BEGIN TASK INPUT
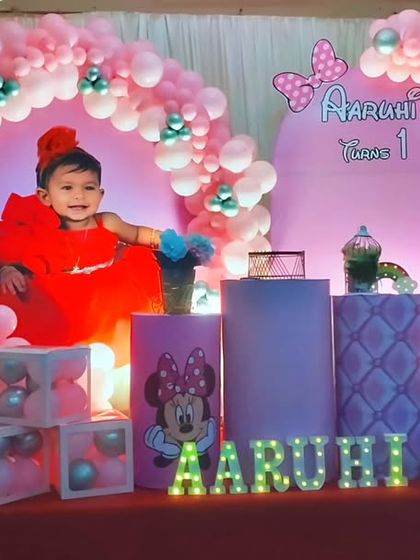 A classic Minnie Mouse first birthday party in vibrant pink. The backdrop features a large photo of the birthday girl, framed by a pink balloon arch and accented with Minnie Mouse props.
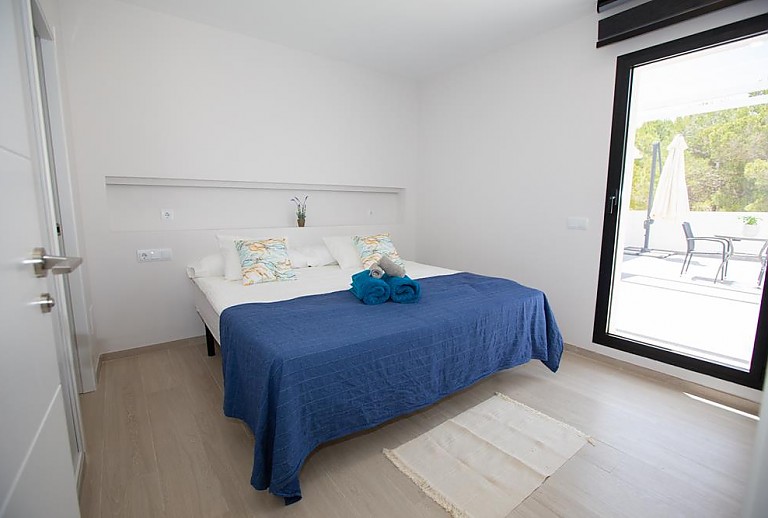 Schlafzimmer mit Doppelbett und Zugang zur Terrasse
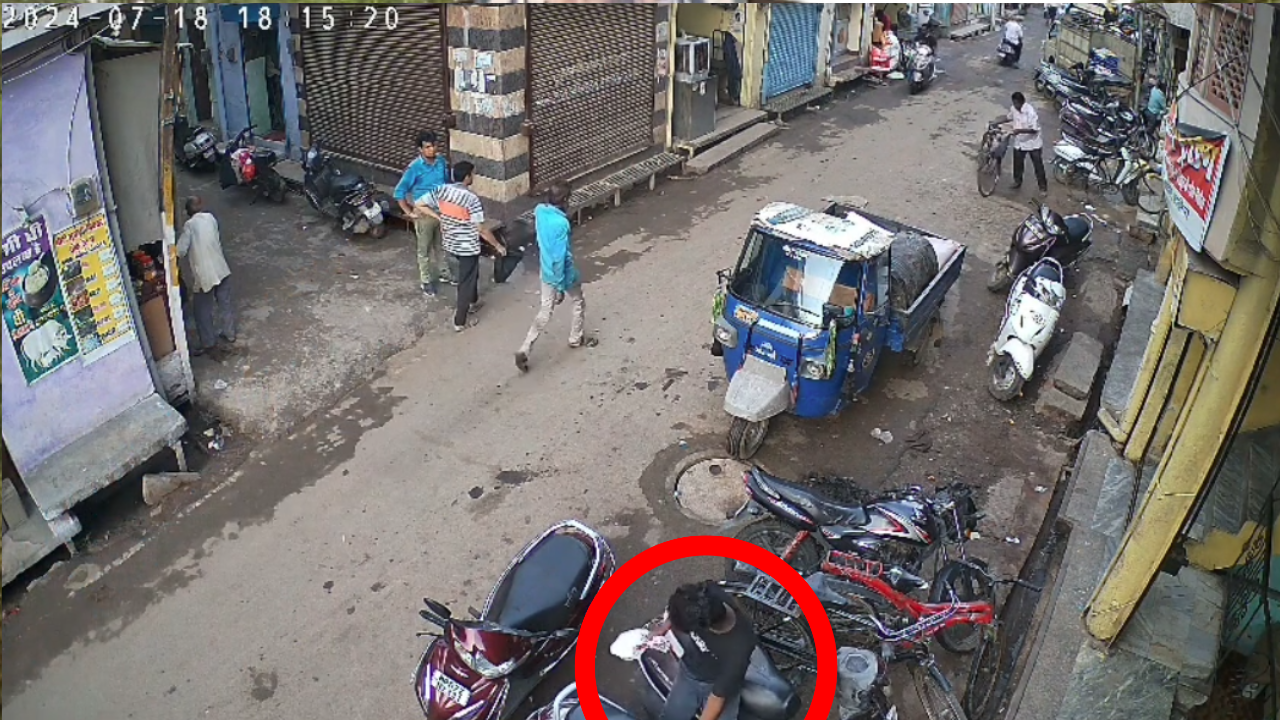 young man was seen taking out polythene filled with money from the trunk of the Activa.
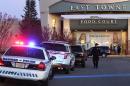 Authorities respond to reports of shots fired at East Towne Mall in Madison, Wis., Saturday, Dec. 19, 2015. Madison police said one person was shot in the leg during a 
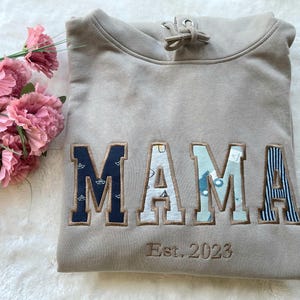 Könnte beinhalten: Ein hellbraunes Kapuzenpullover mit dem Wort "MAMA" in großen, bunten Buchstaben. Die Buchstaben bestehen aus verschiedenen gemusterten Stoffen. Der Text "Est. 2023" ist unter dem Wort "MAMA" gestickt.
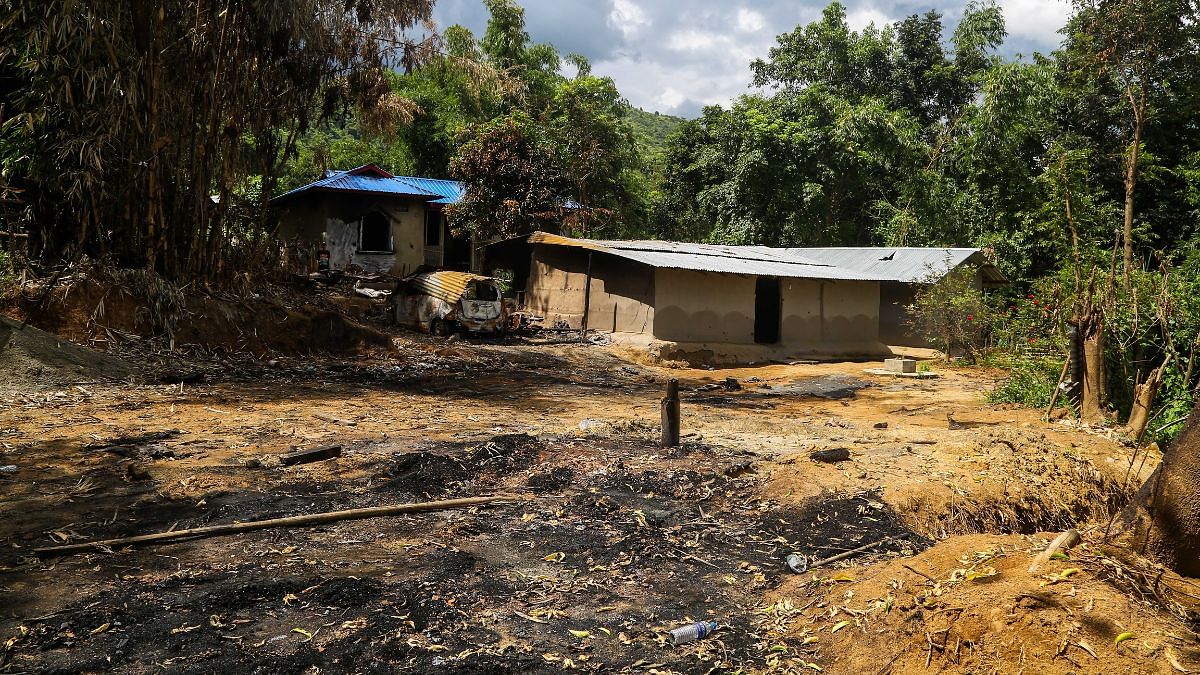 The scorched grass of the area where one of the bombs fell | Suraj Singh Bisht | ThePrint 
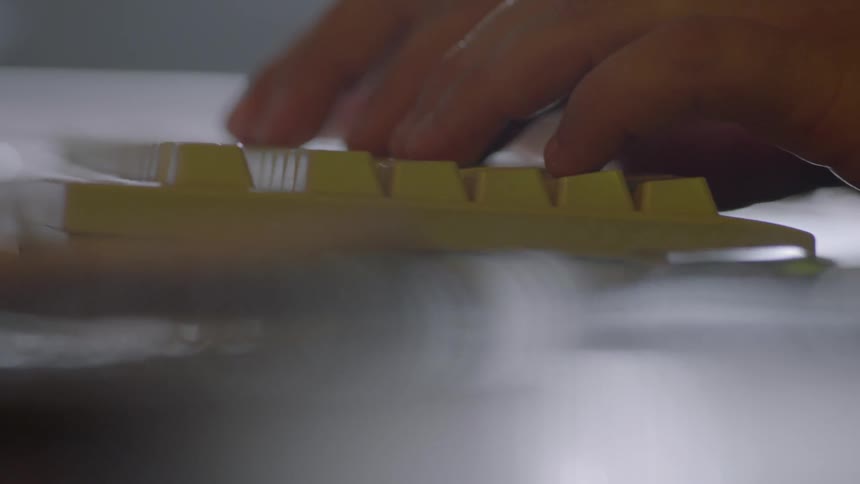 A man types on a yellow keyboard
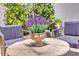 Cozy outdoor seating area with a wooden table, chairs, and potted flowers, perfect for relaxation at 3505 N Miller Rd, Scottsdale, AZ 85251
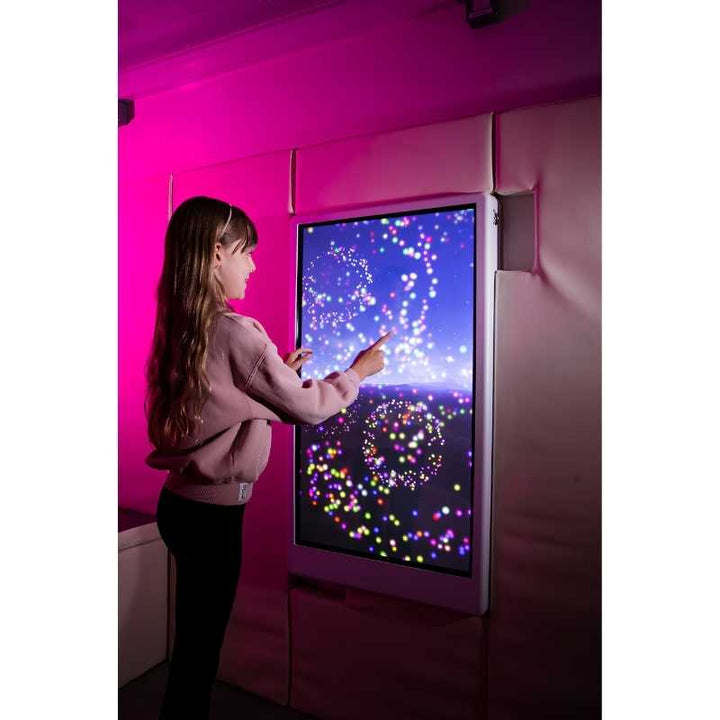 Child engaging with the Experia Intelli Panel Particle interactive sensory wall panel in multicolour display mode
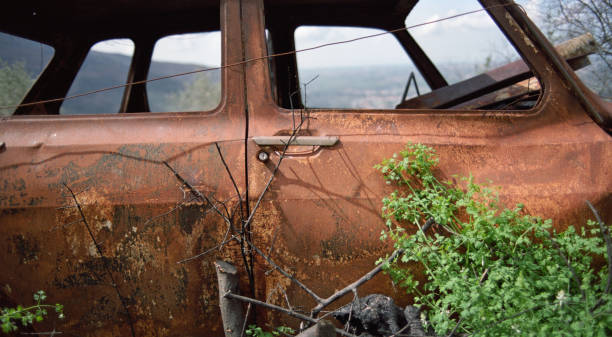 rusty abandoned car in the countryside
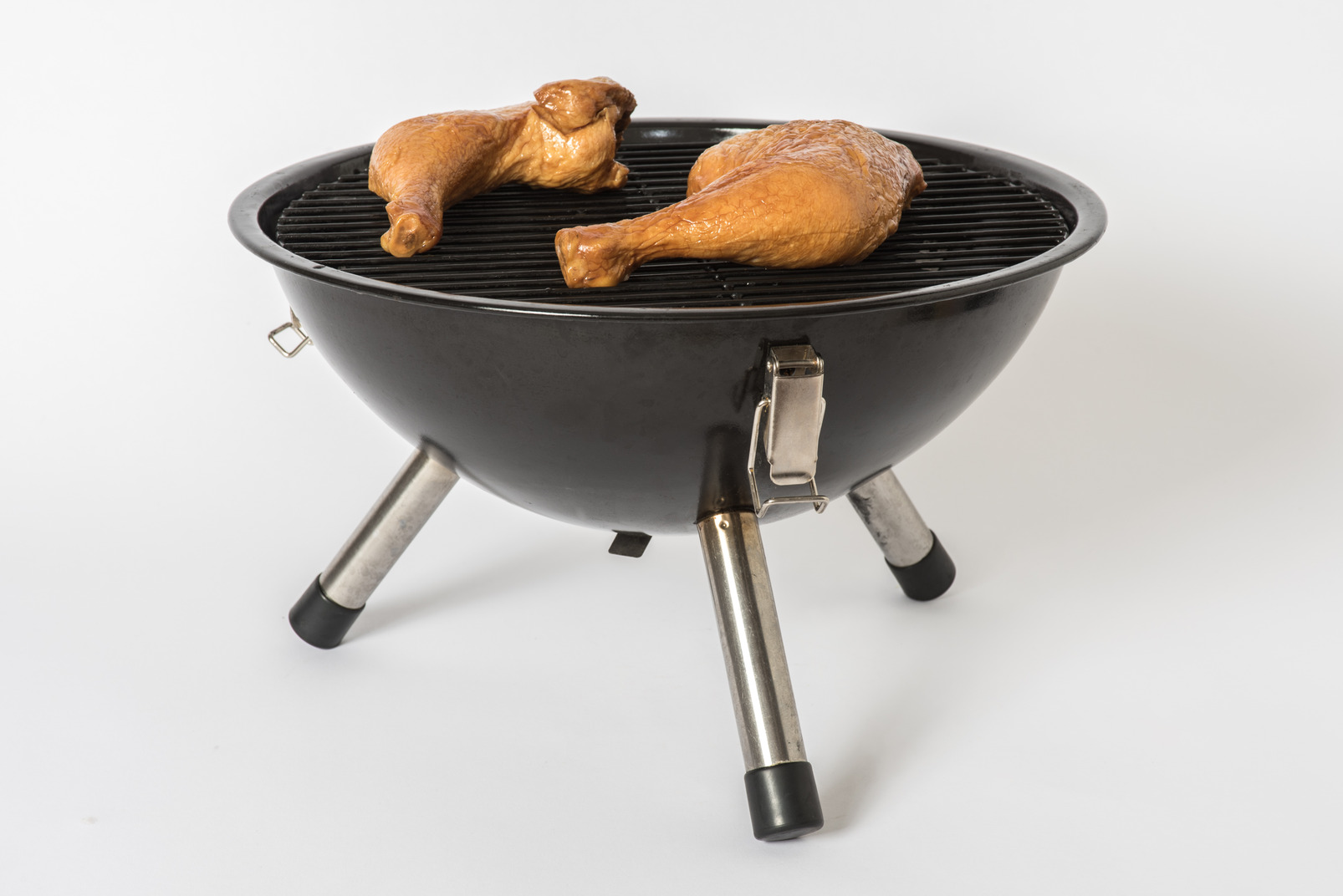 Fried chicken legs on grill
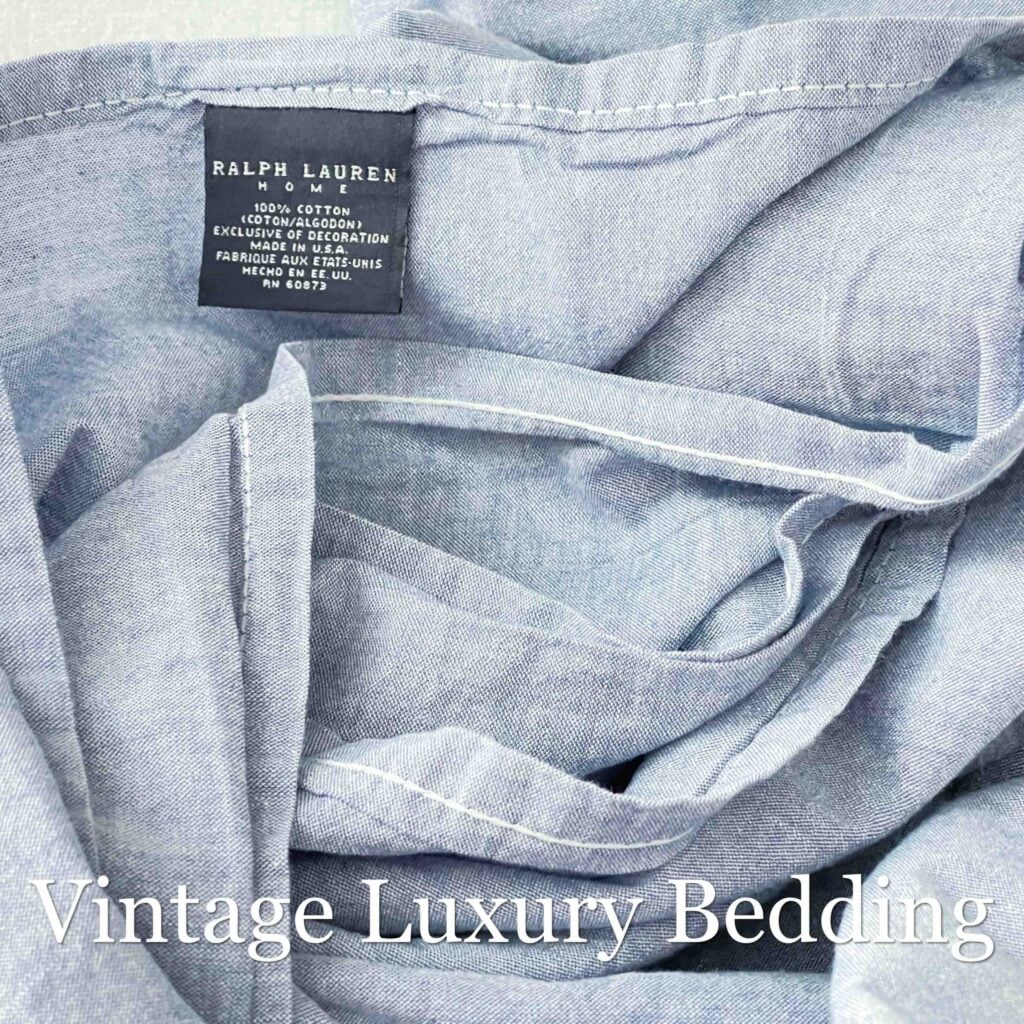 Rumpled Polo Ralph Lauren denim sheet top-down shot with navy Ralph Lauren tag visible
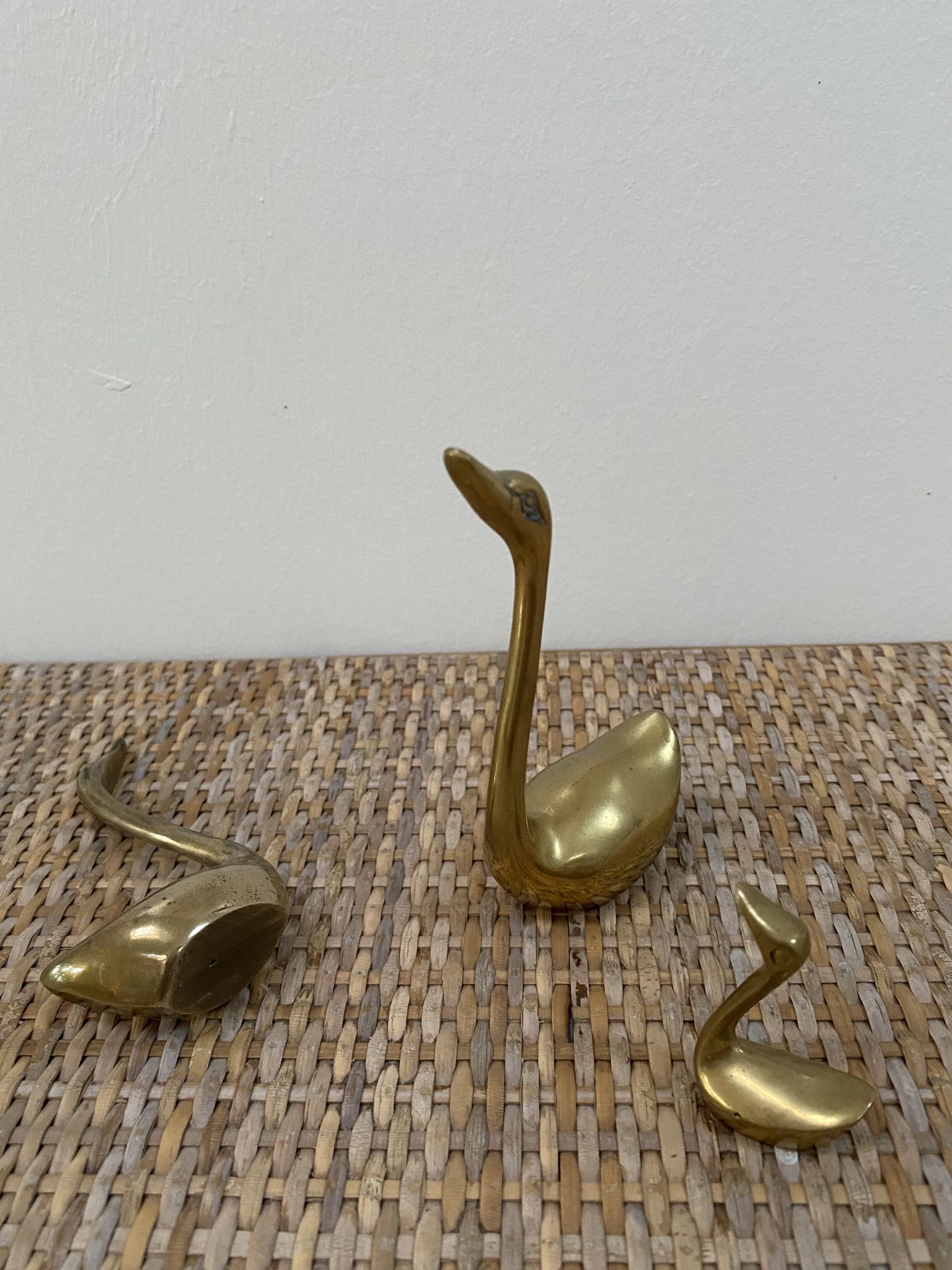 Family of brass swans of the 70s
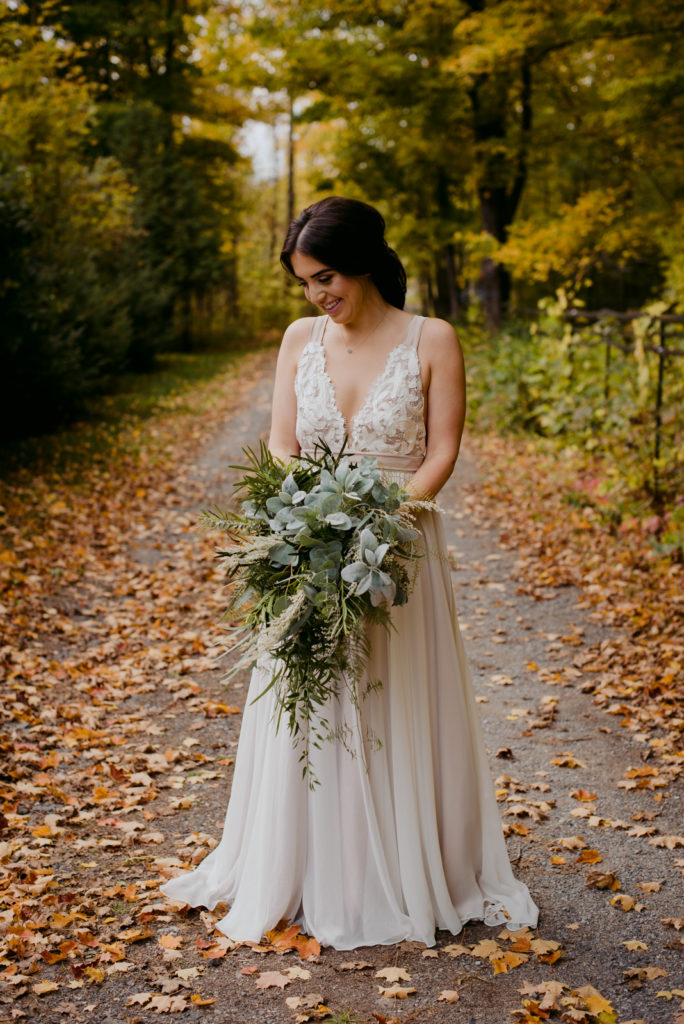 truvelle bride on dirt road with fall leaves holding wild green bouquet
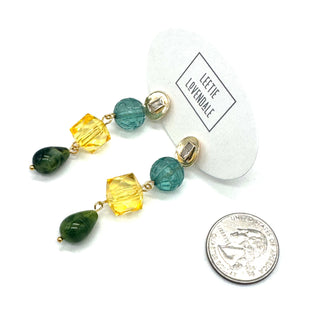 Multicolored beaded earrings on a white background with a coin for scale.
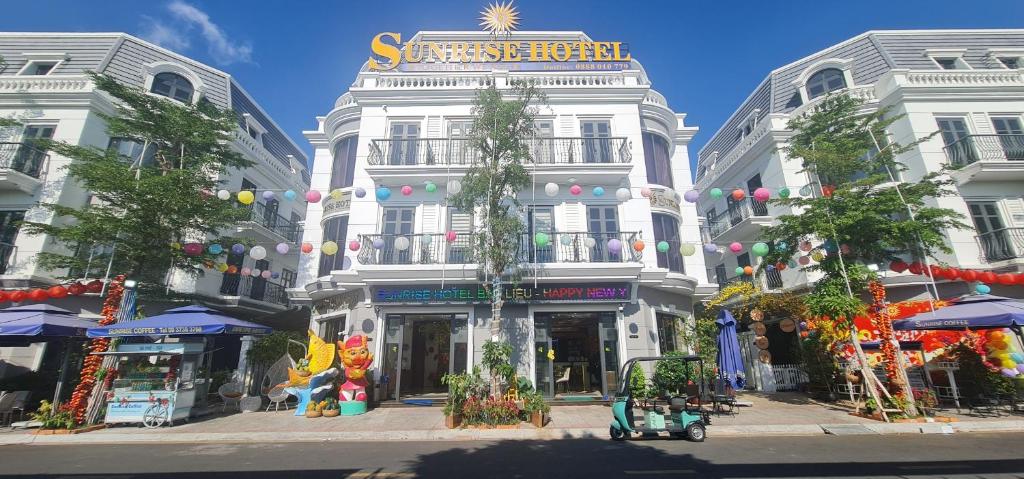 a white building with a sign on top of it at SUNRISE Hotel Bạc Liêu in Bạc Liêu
END TASK INPUT
Return the preceding entries verbatim, with the pictures excluded.

 A classic Minnie Mouse first birthday party in vibrant pink. The backdrop features a large photo of the birthday girl, framed by a pink balloon arch and accented with Minnie Mouse props.
 Schlafzimmer mit Doppelbett und Zugang zur Terrasse
 young man was seen taking out polythene filled with money from the trunk of the Activa.
 Authorities respond to reports of shots fired at East Towne Mall in Madison, Wis., Saturday, Dec. 19, 2015. Madison police said one person was shot in the leg during a 
 Könnte beinhalten: Ein hellbraunes Kapuzenpullover mit dem Wort "MAMA" in großen, bunten Buchstaben. Die Buchstaben bestehen aus verschiedenen gemusterten Stoffen. Der Text "Est. 2023" ist unter dem Wort "MAMA" gestickt.
 The scorched grass of the area where one of the bombs fell | Suraj Singh Bisht | ThePrint 
 A man types on a yellow keyboard
 Cozy outdoor seating area with a wooden table, chairs, and potted flowers, perfect for relaxation at 3505 N Miller Rd, Scottsdale, AZ 85251
 Child engaging with the Experia Intelli Panel Particle interactive sensory wall panel in multicolour display mode
 rusty abandoned car in the countryside
 Fried chicken legs on grill
 Rumpled Polo Ralph Lauren denim sheet top-down shot with navy Ralph Lauren tag visible
 Family of brass swans of the 70s
 truvelle bride on dirt road with fall leaves holding wild green bouquet
 Multicolored beaded earrings on a white background with a coin for scale.
 a white building with a sign on top of it at SUNRISE Hotel Bạc Liêu in Bạc Liêu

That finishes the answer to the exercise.